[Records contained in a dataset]
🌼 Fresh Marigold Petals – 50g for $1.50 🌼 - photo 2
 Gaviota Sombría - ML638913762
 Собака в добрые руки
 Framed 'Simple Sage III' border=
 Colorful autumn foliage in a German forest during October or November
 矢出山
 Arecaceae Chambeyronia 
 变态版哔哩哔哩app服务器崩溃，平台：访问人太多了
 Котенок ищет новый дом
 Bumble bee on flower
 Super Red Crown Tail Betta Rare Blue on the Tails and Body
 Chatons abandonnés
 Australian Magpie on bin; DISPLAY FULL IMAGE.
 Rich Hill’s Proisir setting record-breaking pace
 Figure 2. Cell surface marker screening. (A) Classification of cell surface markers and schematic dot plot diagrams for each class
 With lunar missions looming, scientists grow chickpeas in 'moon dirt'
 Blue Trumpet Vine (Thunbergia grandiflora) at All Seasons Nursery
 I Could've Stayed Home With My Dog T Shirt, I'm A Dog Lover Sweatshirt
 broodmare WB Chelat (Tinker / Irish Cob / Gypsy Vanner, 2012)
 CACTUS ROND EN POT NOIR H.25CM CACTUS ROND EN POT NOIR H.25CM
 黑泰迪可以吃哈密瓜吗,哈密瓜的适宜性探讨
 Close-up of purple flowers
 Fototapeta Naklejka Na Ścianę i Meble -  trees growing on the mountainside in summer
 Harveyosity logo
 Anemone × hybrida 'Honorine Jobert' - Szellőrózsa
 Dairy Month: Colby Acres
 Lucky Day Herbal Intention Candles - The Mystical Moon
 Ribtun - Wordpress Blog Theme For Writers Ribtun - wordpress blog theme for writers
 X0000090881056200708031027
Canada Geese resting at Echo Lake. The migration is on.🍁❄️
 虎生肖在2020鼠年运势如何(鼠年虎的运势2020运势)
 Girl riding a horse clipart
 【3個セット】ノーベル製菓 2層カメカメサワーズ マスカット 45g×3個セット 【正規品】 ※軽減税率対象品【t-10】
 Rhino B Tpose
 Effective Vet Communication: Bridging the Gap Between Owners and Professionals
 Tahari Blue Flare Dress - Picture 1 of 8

> EXERCISE INSTRUCTIONS
I need every line of the data that has the word "Blue"; please list them.

> WRITTEN SOLUTION
 Super Red Crown Tail Betta Rare Blue on the Tails and Body
 Blue Trumpet Vine (Thunbergia grandiflora) at All Seasons Nursery
 Tahari Blue Flare Dress - Picture 1 of 8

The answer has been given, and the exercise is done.